— Dataset excerpts —
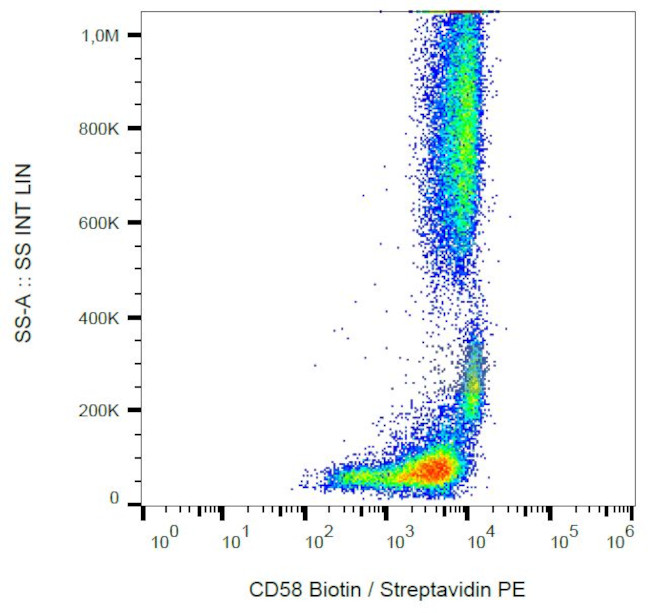 CD58 Antibody in Flow Cytometry (Flow)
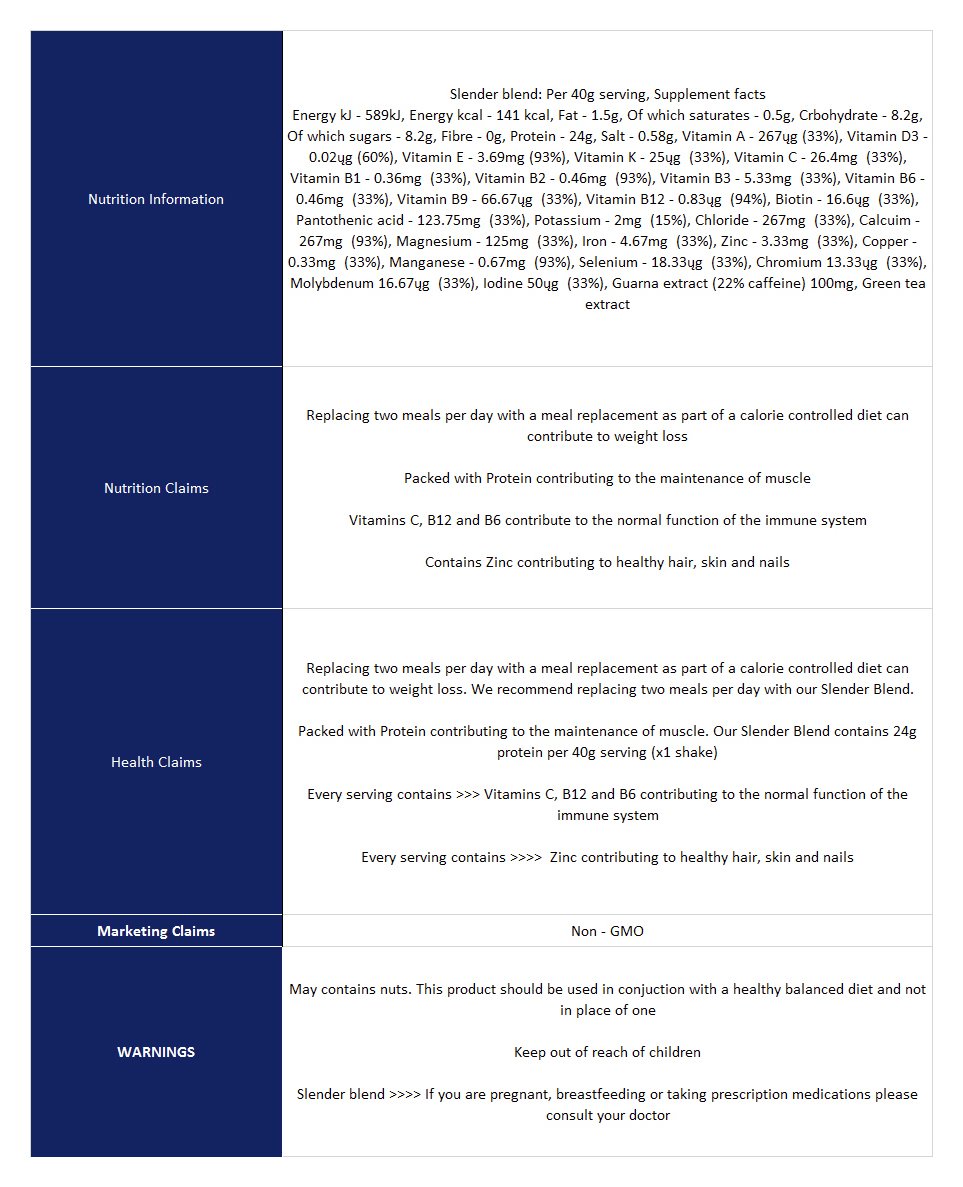 Protein World Slender Blend 600G Reviews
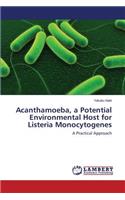 Acanthamoeba, a Potential Environmental Host for Listeria Monocytogenes
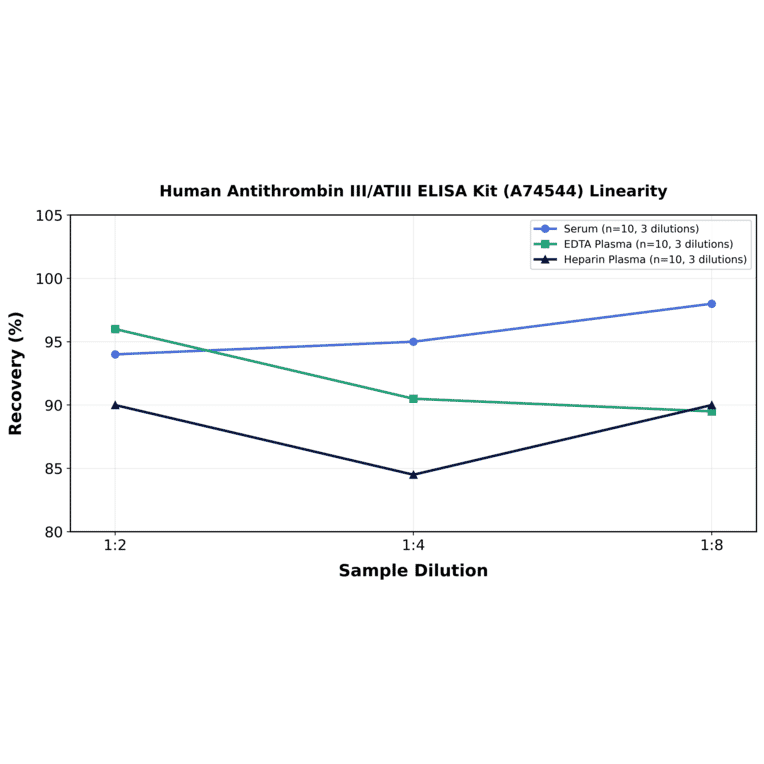 Linearity - Human Antithrombin III/ATIII ELISA Kit (A74544) - Antibodies.com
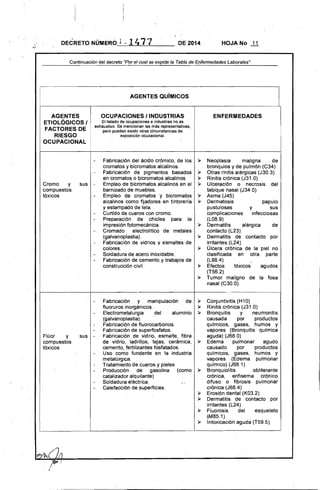 I
DEéRETO NÚMERO J - 1471 DE 2014,' HOJA No .11
Continuación del decreto '~Por el cual se expide la Tabla de Enfermedades Laborales"
AGENTES QUíMICOS
AGENTES OCUPACIONES IINDUSTRIAS' ENFERMEDADES
ETIOLÓGICOS I El listado de ocupaciones e industrias no es
FACTORES DE
RIESGO
exhaustivo. Se mencionan las más representativas,
pero pueden existir otras ,circunstancias de
, exposición ocupacional.
OCUPACIONAL
Fabricación del ácido crómico, de los :¡¡. Neoplasia maligna de
cromatos y bicromatos alcalinos. bronquios y de pulmón (C34)
Fabricación de pigmentos basados :¡¡. Otras rinitis alérgicas (J30.3)
en cromatos o bicromatos alcalinos :¡¡. Rinitis crónica (J31.0)
Cromo y sus Empleo de bicromatos alcalinos en el Ulceración o necrosis del
compuestos barnizado de muebles. tabique nasal (J34.0)
tóxicos Empleo de cromatos y bicromatos :¡¡. Asma (J45)
alcalinos como fijadores en tintorerra :¡¡. Dermatosis papulo
y estampado de tela. pustulosas y sus
Curtido de cueros con cromo. complicaciones infecciosas
Preparación de chicles para la (LOB.9)
impresión fotomecánica. :¡¡. Dermatitis alérgica de
Cromado electrolftico de me~ales contacto (L23)
(galvanoplastia). :¡¡. ,Dermatitis de contacto por
Fabricación de vidrios y esmaltes de irritantes (L24)
colores. :¡¡. Ulcera crónica de la piel no
Soldadura de acero inoxidable. clasificada, en otra parte
Fabricación de cemento y trabajos de (L9B.4)
construcción civil. . Efectos tóxicos agudos
(T56.2)
:¡¡. Tumor maligno de la fosa
nasal (C30.0).
Fabricación y manipulación de :¡¡. Conjuntivitis (H10)
fluorutos inorgánicos. :¡¡. Rinitis crónica (J31.0)
Electrometalurgia del aluminio :¡¡. Bronquitis y neumonitis
(galvanoplastia). causada por productos
Fabricación de f1uorocarbonos.
- .FabricaciÓn de superfosfatos.
qufmicos, gases. humos y
vapores (Bronquitis qufmica
Flúor y sus - Fabricación de vidrio, esmalte, fibra aguda) (J6B.O)
compuestos de vidrio, ladrillos, tejas, cerámica, :¡¡. Edema' pulmonar agudo
tóxicos cemento. fertilizantes fosfatados. causado por productos
Uso como fundente en la industria qulmicos, gases, humos y
metalúrgica. vapores (Edema pulmonar
Tratamiento de cueros y pieles qulmico) (J6B.1)
Producción de gasolina (como :¡¡. Bronquiolitis obliterante
catalizador alquilante) crónica. enfisema crónico
Soldadura eléctrica. difuso o fibrosis pulmonar'
Calefacción de .superficies. crónica (J6B.4)
:¡¡. Erosión dental (K03.2)
:¡¡. Dermatitis de contacto por
irritantes (L24)
:¡¡. Fluorosis del esqueleto
~MB5.1)
:¡¡. Intoxicación aguda (T59.5)
 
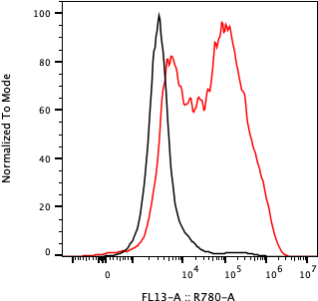 Rabbit-anti ALFA monoclonal antibody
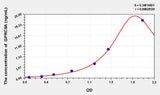 Human GPRC5A(G Protein Coupled Receptor, Family C, Group 5, Member A) ELISA Kit
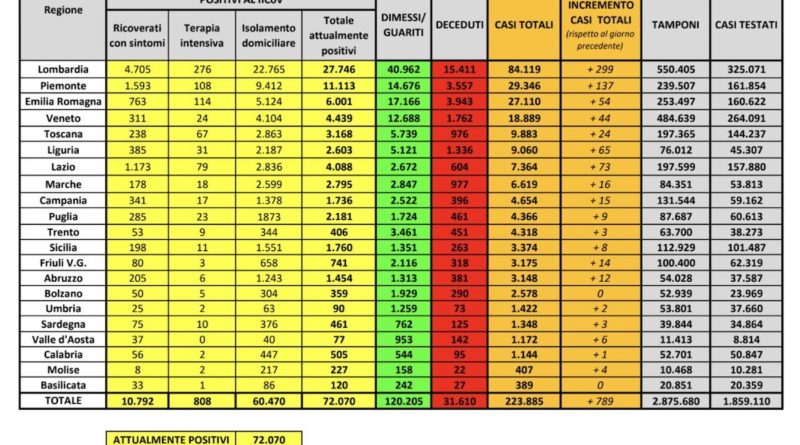 Coronavirus dati Italia 15 maggio 2020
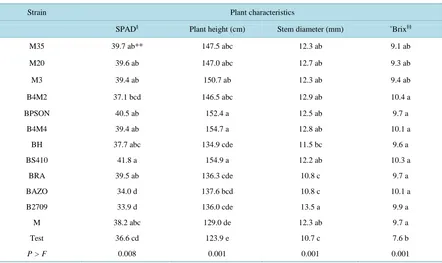 Table 1. Influence of microbial strains of arbuscular mycorrhizal fungi and rhizobacteria, on characteristics of sweet sorg-hum plant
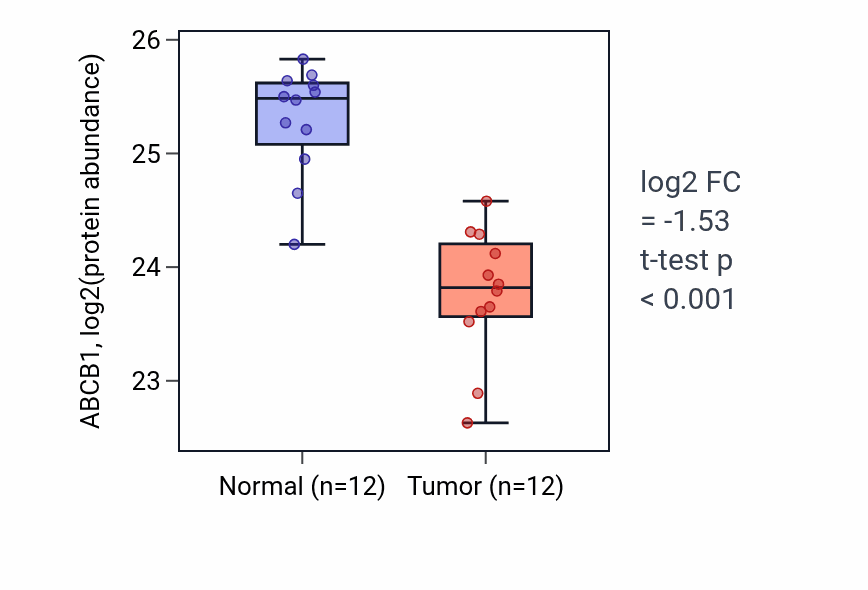 Tumor-vs-normal mass-spec protein box plot for ABCB1 in CCRCC.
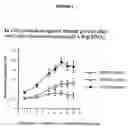 Fig. 04 - Hepatitis C virus codon optimized non-structural NS3/4A fusion gene
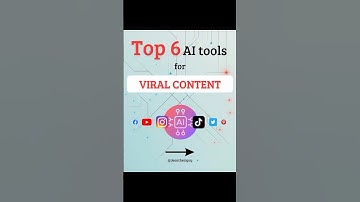 Top 6 AI Tools for Viral Videos in 2025 #AItools #contentcreation #videomarketing #contentmaker
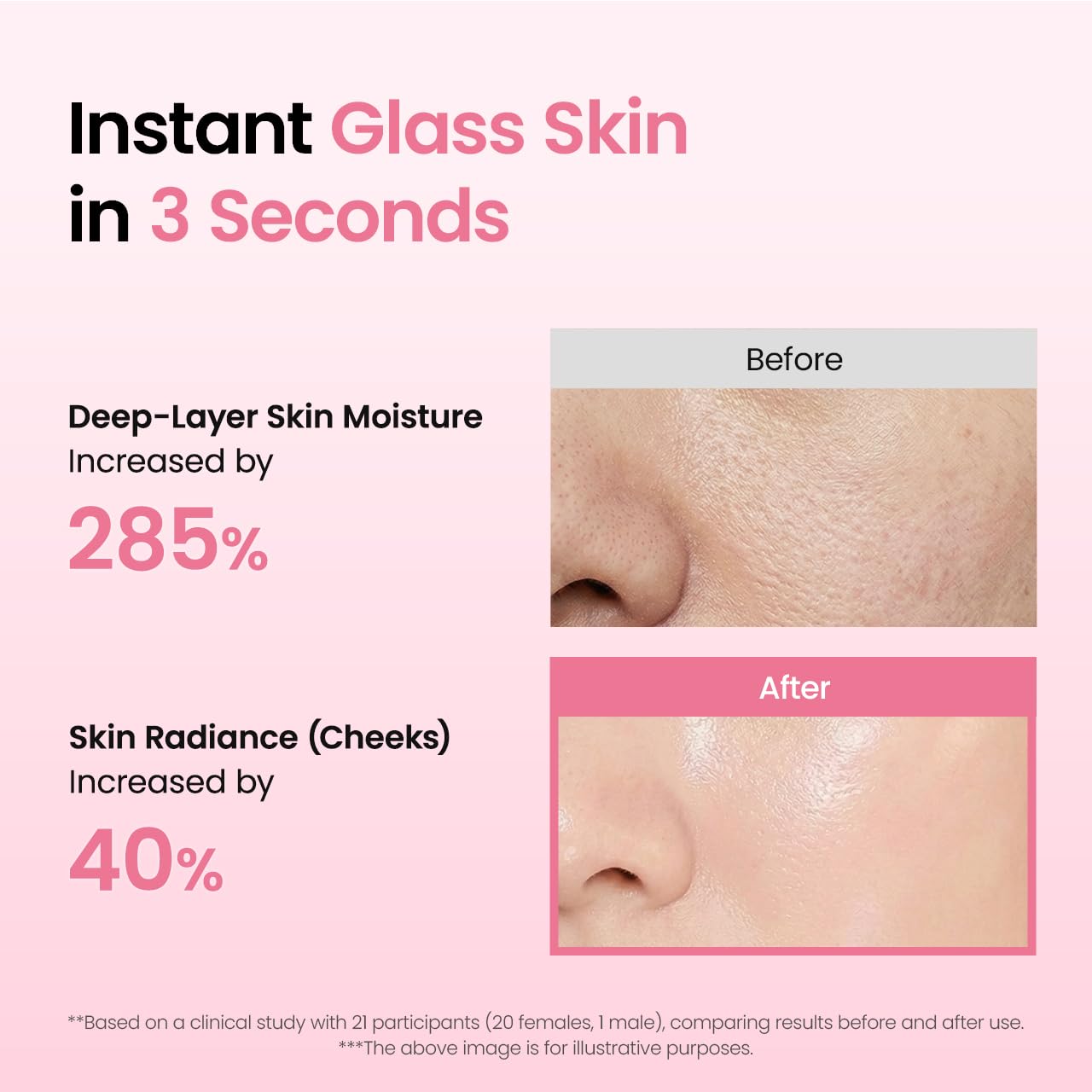Collagen Peptide Jelly Serum Mist
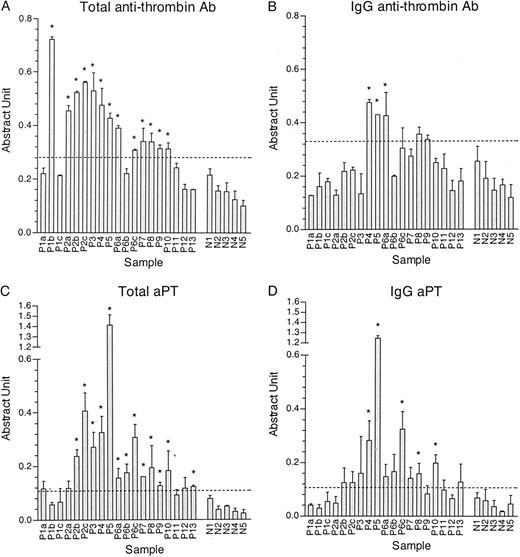 Identification of AntiThrombin Antibodies in the Antiphospholipid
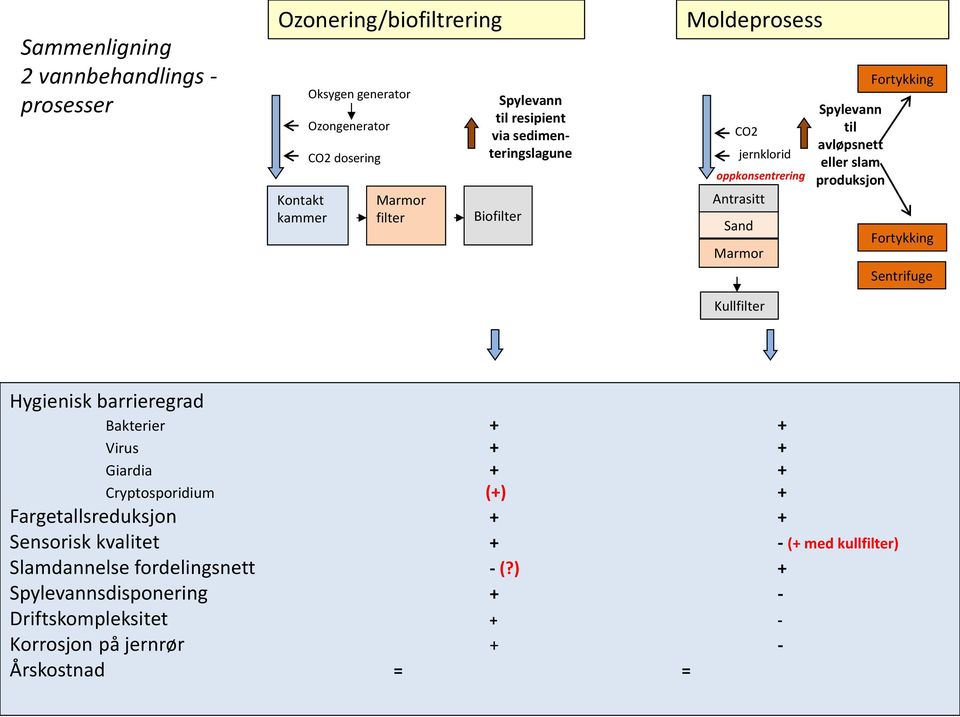 slam produksjon Fortykking Fortykking Sentrifuge Hygienisk barrieregrad Bakterier + + Virus + + Giardia + + Cryptosporidium (+) + Fargetallsreduksjon + +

— Required action —
Every line from the one with "Identification of AntiThrombin" through the end of the records above belongs in the answer, copied exactly; no picture does.

— Result below —
 Identification of AntiThrombin Antibodies in the Antiphospholipid
 slam produksjon Fortykking Fortykking Sentrifuge Hygienisk barrieregrad Bakterier + + Virus + + Giardia + + Cryptosporidium (+) + Fargetallsreduksjon + +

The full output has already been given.